SOURCE RECORDS:
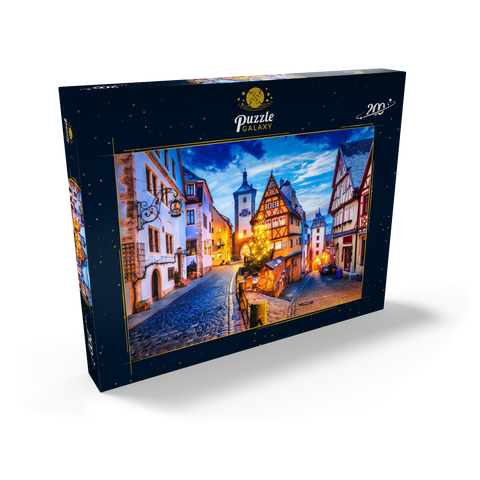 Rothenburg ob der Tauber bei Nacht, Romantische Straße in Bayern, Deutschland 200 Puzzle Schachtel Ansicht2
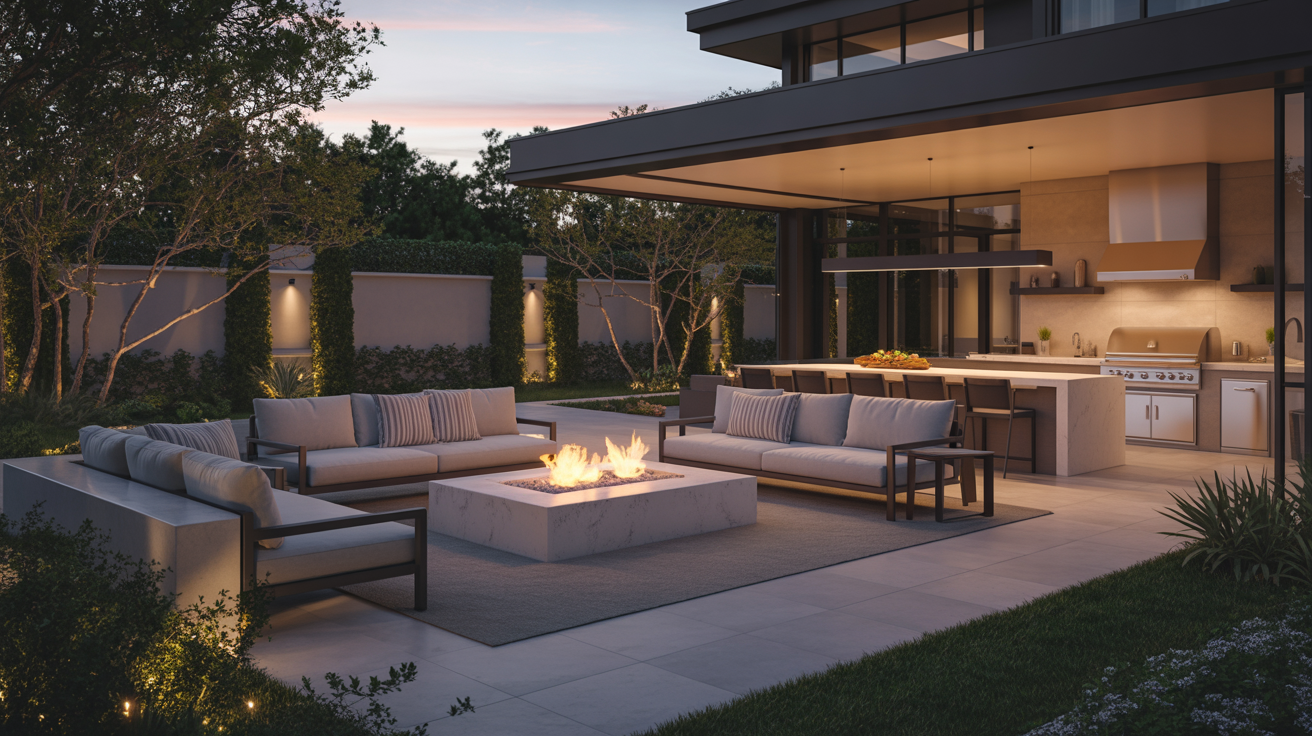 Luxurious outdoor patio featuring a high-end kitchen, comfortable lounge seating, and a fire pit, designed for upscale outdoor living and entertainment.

* * *

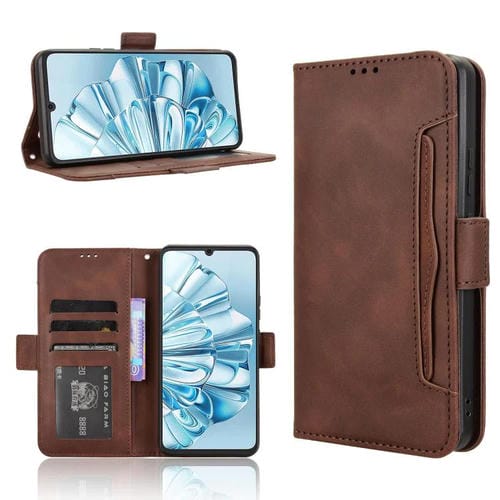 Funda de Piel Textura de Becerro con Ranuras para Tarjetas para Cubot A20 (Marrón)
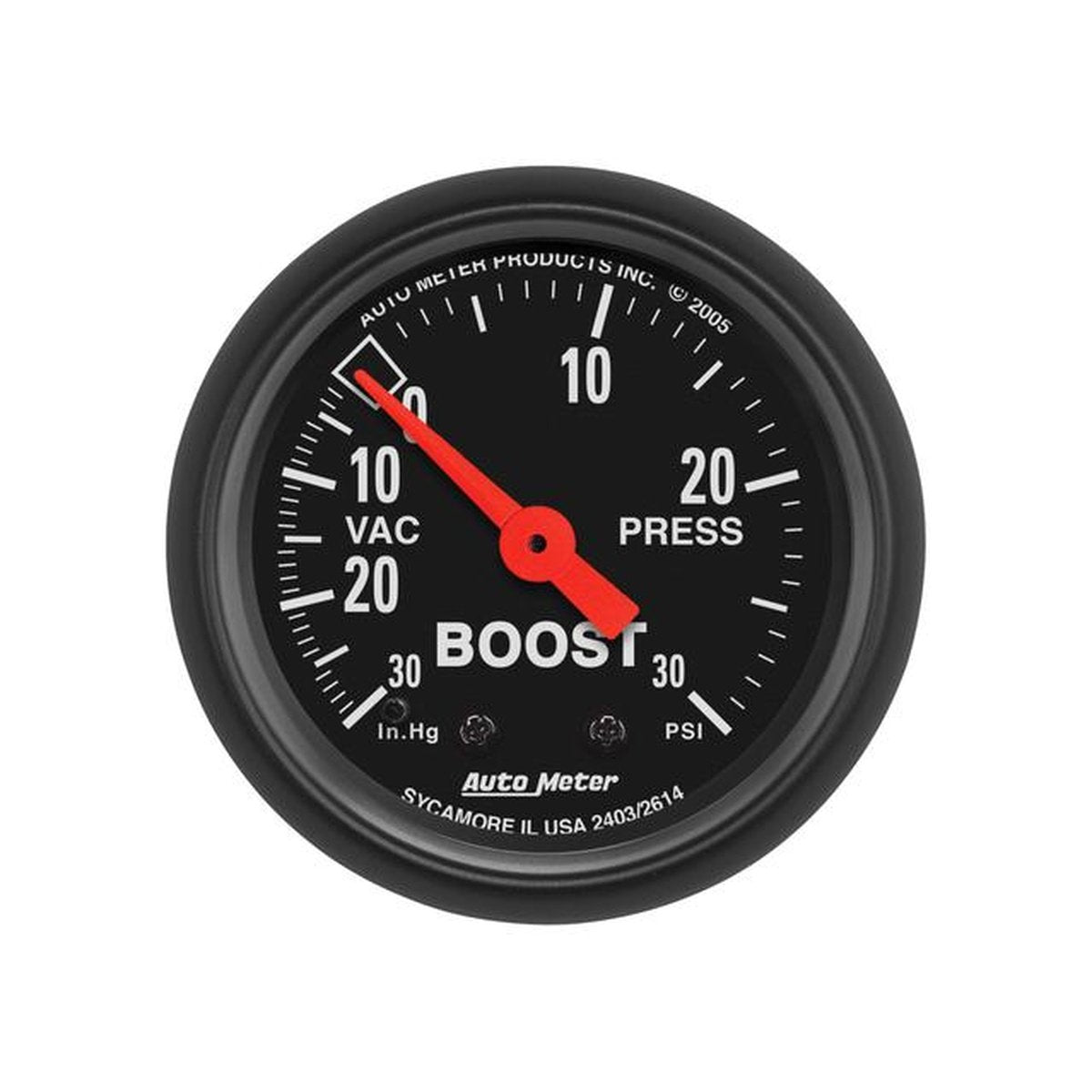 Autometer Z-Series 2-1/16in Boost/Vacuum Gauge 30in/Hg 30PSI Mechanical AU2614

TASK OBJECTIVE: Work from the entries above. Set down exactly and only the lines from the line with "Rothenburg ob der" to the line with "Luxurious outdoor patio", both included, and leave the pictures out.

ANSWER SPACE:
 Rothenburg ob der Tauber bei Nacht, Romantische Straße in Bayern, Deutschland 200 Puzzle Schachtel Ansicht2
 Luxurious outdoor patio featuring a high-end kitchen, comfortable lounge seating, and a fire pit, designed for upscale outdoor living and entertainment.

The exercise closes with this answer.